La culminación pretende ser una especie de final abierto que lo único que muestra es la máxima expresión de la incoherencia que gobierna toda la película. No hay manera de entender la muerte de la protagonista. Si se trata de un suicidio tendríamos que apelar directamente a la enfermedad mental, pues los motivos que pueda tener para ello, máxime cuando ha rechazado huir con su amante hacia una vida que la redimiría de la rutina en la que está inmersa, y que parece que no le gusta, se antojan cuanto menos peregrinos.

Y eso sin entrar en los problemas con el niño, pues hacer descansar ahí la causa de su decisión entra ya en el terreno de lo surrealista. Por otra parte ver en su muerte un crimen de estado planificado para acabar con la resistencia del extorsionado marido sería lo que se conoce como matar moscas a cañonazos. Ni hay resistencia alguna ni hay necesidad de vencer nada.

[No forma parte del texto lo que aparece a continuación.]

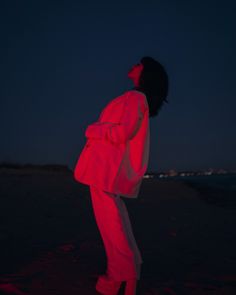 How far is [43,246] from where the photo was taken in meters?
4.04

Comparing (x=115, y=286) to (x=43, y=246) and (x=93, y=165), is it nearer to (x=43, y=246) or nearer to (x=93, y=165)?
(x=93, y=165)

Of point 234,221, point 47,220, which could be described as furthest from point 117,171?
point 234,221

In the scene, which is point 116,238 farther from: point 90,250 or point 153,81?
point 90,250

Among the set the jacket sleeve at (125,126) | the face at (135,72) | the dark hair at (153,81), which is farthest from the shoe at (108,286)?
the face at (135,72)

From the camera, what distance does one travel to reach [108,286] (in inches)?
105

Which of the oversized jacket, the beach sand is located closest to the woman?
the oversized jacket

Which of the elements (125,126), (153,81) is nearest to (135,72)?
(153,81)

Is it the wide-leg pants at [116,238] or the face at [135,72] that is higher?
the face at [135,72]

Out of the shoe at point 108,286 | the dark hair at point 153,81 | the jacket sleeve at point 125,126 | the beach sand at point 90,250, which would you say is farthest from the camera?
the beach sand at point 90,250

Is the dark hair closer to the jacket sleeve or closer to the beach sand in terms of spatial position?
the jacket sleeve

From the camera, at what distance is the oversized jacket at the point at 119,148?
2.56 m

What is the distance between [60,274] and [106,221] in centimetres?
89

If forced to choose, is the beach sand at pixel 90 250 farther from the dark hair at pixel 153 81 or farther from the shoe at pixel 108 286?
the dark hair at pixel 153 81

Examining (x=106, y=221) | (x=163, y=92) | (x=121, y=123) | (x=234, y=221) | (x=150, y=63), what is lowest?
(x=234, y=221) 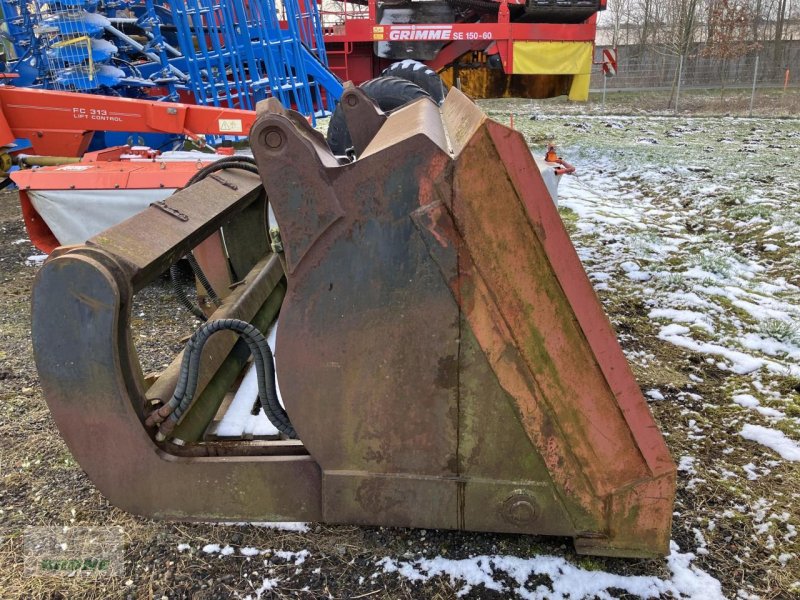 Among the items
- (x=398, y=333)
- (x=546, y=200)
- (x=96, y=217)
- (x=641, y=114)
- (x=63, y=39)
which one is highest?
(x=63, y=39)

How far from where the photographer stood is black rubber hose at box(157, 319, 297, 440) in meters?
Result: 1.76

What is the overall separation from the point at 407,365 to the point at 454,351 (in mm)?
132

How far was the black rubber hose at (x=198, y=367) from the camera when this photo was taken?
5.78ft

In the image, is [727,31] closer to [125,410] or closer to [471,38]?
[471,38]

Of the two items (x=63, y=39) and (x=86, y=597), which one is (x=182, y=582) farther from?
(x=63, y=39)

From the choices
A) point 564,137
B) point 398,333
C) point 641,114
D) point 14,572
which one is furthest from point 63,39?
point 641,114

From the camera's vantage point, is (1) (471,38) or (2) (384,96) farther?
(1) (471,38)

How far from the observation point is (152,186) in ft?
14.2

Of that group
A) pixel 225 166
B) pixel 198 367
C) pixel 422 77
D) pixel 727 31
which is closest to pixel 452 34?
pixel 422 77

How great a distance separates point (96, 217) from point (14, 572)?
3.07 meters

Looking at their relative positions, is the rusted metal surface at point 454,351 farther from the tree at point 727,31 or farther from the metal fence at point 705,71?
the tree at point 727,31

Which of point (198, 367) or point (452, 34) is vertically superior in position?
point (452, 34)

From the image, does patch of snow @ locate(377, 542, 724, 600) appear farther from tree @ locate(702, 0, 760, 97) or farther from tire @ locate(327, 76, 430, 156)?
tree @ locate(702, 0, 760, 97)

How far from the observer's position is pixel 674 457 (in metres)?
2.48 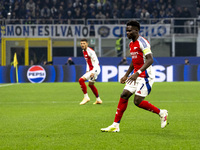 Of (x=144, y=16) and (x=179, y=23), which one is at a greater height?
(x=144, y=16)

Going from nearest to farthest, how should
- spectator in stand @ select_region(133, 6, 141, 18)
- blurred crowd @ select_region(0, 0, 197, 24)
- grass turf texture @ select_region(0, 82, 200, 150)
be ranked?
grass turf texture @ select_region(0, 82, 200, 150)
spectator in stand @ select_region(133, 6, 141, 18)
blurred crowd @ select_region(0, 0, 197, 24)

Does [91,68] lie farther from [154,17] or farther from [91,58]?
[154,17]

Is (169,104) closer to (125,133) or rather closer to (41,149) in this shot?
(125,133)

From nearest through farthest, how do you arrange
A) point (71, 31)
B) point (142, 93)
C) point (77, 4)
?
point (142, 93) < point (71, 31) < point (77, 4)

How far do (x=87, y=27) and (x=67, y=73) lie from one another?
284 inches

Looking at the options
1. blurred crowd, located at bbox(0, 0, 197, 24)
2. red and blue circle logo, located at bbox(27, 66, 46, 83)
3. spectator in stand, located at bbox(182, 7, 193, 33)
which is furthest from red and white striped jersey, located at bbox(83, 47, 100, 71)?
spectator in stand, located at bbox(182, 7, 193, 33)

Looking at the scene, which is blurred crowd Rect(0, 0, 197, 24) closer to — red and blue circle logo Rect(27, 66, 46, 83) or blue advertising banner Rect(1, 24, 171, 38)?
blue advertising banner Rect(1, 24, 171, 38)

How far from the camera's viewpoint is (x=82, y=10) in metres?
34.9

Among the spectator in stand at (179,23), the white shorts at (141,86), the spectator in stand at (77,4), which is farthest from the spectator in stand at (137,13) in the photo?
the white shorts at (141,86)

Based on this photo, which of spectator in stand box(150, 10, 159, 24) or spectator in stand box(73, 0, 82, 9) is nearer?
spectator in stand box(150, 10, 159, 24)

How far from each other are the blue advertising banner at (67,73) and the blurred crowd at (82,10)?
747cm

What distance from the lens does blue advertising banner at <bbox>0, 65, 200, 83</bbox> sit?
27.1 metres

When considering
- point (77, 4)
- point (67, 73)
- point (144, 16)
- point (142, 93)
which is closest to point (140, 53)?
point (142, 93)

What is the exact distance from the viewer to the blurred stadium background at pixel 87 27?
110ft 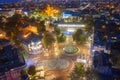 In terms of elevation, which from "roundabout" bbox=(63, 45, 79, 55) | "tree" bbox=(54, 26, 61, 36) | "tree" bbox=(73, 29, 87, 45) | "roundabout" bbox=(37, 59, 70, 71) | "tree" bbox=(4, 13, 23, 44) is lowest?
"roundabout" bbox=(37, 59, 70, 71)

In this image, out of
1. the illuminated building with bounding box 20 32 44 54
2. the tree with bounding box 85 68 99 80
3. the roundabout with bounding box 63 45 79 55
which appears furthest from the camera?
the roundabout with bounding box 63 45 79 55

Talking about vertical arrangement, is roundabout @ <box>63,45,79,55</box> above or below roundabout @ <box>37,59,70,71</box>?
above

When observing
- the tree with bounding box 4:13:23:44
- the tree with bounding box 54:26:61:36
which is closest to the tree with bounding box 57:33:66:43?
the tree with bounding box 54:26:61:36

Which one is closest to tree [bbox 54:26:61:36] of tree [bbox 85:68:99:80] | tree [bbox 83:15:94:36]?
tree [bbox 83:15:94:36]

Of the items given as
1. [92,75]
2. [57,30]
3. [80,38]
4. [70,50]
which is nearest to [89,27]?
[80,38]

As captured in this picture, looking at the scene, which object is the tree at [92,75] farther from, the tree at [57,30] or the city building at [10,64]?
the tree at [57,30]

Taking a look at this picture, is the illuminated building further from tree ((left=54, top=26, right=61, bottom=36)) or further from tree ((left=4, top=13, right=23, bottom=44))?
tree ((left=54, top=26, right=61, bottom=36))

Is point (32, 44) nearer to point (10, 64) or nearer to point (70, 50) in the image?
point (70, 50)

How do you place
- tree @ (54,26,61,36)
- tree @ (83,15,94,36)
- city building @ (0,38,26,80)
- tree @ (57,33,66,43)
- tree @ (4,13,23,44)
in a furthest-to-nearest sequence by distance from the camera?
1. tree @ (54,26,61,36)
2. tree @ (83,15,94,36)
3. tree @ (57,33,66,43)
4. tree @ (4,13,23,44)
5. city building @ (0,38,26,80)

No es por tanto un final abierto, pues para ello se requiere que se contemplen varias salidas posibles todas ellas plausibles, razonables, coherentes, y aquí todas son absurdas.

Y todo ello se intenta presentar con un envoltorio formal sugestivo, con apelaciones constantes al paisaje y su protagonismo, con planos largos y neutros que sugieren un hálito de objetividad que en el fondo no encierra nada, nada interesante al menos.

No nos cabe ninguna duda de que la corrupción en Rusia reclama una película. Pero desde luego no es ésta.